Subarachnoid haemorrhage from a ruptured cerebral aneurysm (aSAH) is a significant cause of mortality and morbidity throughout the world. Multiple clinically grading scales are developed to indicate the severity of neurological injury, and to provide prognostic information regarding outcome. However, prediction of outcome remains difficult and complicates decision making for active treatment. Copeptin, the C-terminal part of the arginine vasopressin precursor peptide, is associated with the severity and outcome of critical illness. Recently it has been reported that initial high levels of copeptin in blood are highly predictive for poor outcome and vasospasm in patients presenting with aSAH in the Chinese population.

Objective

The aim of this prospective study is to elucidate whether copeptin could be used as a marker for prognosis and severity of aSAH in Dutch intensive care populations?

Study design

A single center prospective observational study

Study population

Patients admitted to the ICU of the St. Elisabeth Hospital with an age of 18 years or over with clinical symptoms of SAH within 24 hours at admission in which a cerebral aneurysm is confirmed by computerized tomography angiography (CT-A) with or without digital substraction angiography (DSA).

Intervention

After informed consent is obtained blood will be drawn in an serum tube of 5 ml on the first 24 hours of admission at de ICU for copeptin levels in the aSAH group. Included aSAH patients will be evaluated for delayed cerebral ischaemia (DCI). 30 days and 12 months after the aSAH, alive patients will be contacted by the research nurse for a questionnaire by telephone, including the Glasgow Outcome Scale (GOS) and the modified Ranking Scale (mRS). In a control group of 30 healthy volunteers without cardiovascular risk factors and without any neurological deficits of copeptin levels will be estimated to compare these results with the copeptin levels of the included aSAH patients.

Main outcome measurement

Poor one-year functional outcome, GOS 1-3, development of DCI, case fatality 30 days after admission, one year mortality and functional outcome 12 months after aSAH, assessed by both Glasgow Outcome Scale and the modified Ranking Scale.

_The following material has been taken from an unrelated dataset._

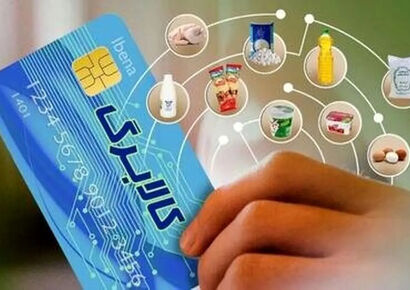 جزئیات زمان واریز مرحله پنجم کالابرگ / مبلغ کالابرگ این دهک‌ها افزایش یافت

Could copeptin be used as a marker for prognosis and severity of aSAH in Dutch intensive care populations?

30 days and 12 months after the aSAH, the general practitioner of the patient will be contacted to check whether the patient is still alive. After 12 months alive patients will be contacted by the research nurse for a questionnaire by telephone.

For copeptin levels in the aSAH group, blood will be drawn in an extra serum tube of 5 ml on the first 24 hours of admission at the ICU.